Now THAT, my friends, is a plot that I can get behind.

If you've got half of a dirty sense of humor (and I've got one for both you and me), this movie is Mecca, pure Mecca. Full of the one-liners and geek heaven that made Army of Darkness such a rewarding piece of total unmitigated crap that we watch at least twice yearly, this movie pokes fun at things we typically avoid.

Dying old people, anachronistic cursing mummies, men with flamethrowers in wheelchairs, and diabolical nurses who love to spread the evil cream on the suffering elder male penis. There's even a scene where a woman in a helpless position has her cookies stolen by a fat, evil elderly compatriot, only to have her dispatched by a giant bug. WOOT!

It is also, for all of this, a touching examination of what it means to grow old and helpless, to lose the ability to do all of the things that you love and take for granted. As hokey as the premise is, the mummy is a real and credible threat that you cheer at when he dies. And best of all, it ends with a promise of Bubba Nosferatu: Curse of the She-Vampires.
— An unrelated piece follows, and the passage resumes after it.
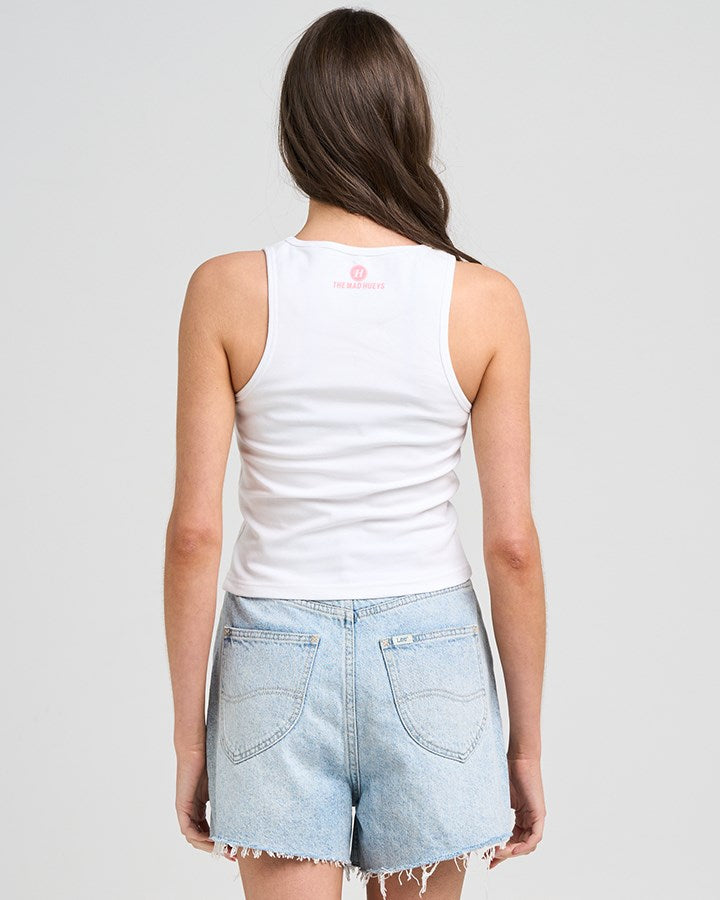 The Mad Hueys YEAH THE GIRLS | WOMENS SCOOP NECK SINGLET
The visual work is stunning, and the DP deserves an award for establishing fully half of the credibility of this film. The dialogue is tight, and funny, and cynical, and well put. There is not a dull moment in this film. It is 92 minutes long, and it's one of those movies that feels like it's three hours long, for all it imparts and all of the "moments", if you will.

There's not much more than I can say, other than to get your butt out there and enjoy Ossie's final romp, Campbell's latest, and a reasonable argument for why the box office this summer was so low: Less flicks like this are being made. Enough said.

  • Despite the fact that Elvis Presley is the main character, not one piece of Elvis's music is heard. Coscarelli explained that it would have cost about half the budget to license one of Elvis's songs for the movie.
  • KNB Effects agreed to make the Bubba Ho-Tep make-up and costume for cost of materials as a favor to Don Coscarelli.